> _Data for processing_:
+++++

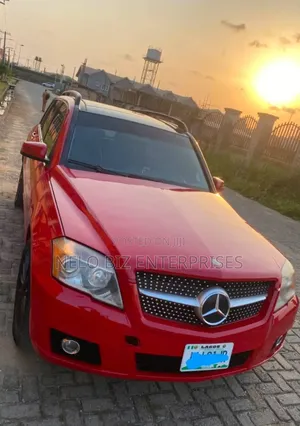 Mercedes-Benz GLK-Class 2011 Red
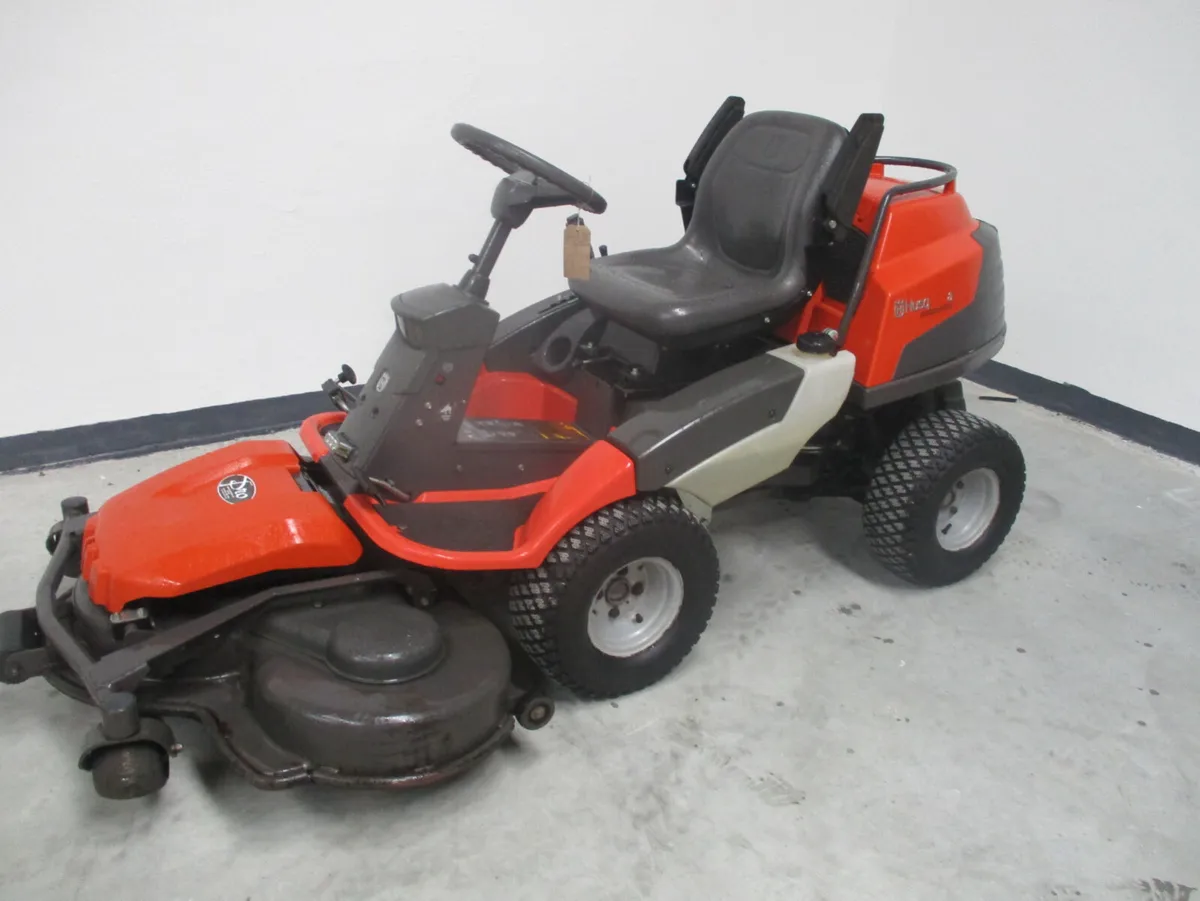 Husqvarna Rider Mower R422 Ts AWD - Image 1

+++++

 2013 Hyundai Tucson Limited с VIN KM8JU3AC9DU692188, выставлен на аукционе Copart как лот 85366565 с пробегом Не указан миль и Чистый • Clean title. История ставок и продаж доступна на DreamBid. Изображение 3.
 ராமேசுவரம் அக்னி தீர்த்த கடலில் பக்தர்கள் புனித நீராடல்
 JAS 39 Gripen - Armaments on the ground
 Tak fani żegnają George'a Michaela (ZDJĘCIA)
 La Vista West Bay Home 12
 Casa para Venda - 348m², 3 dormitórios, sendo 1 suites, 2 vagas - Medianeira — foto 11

+++++

> _Your goal_: Once you reach the line with "ராமேசுவரம் அக்னி தீர்த்த" in the data above, copy it and every line after it exactly, up to and including the line with "Casa para Venda".

> _Written solution_:
 ராமேசுவரம் அக்னி தீர்த்த கடலில் பக்தர்கள் புனித நீராடல்
 JAS 39 Gripen - Armaments on the ground
 Tak fani żegnają George'a Michaela (ZDJĘCIA)
 La Vista West Bay Home 12
 Casa para Venda - 348m², 3 dormitórios, sendo 1 suites, 2 vagas - Medianeira — foto 11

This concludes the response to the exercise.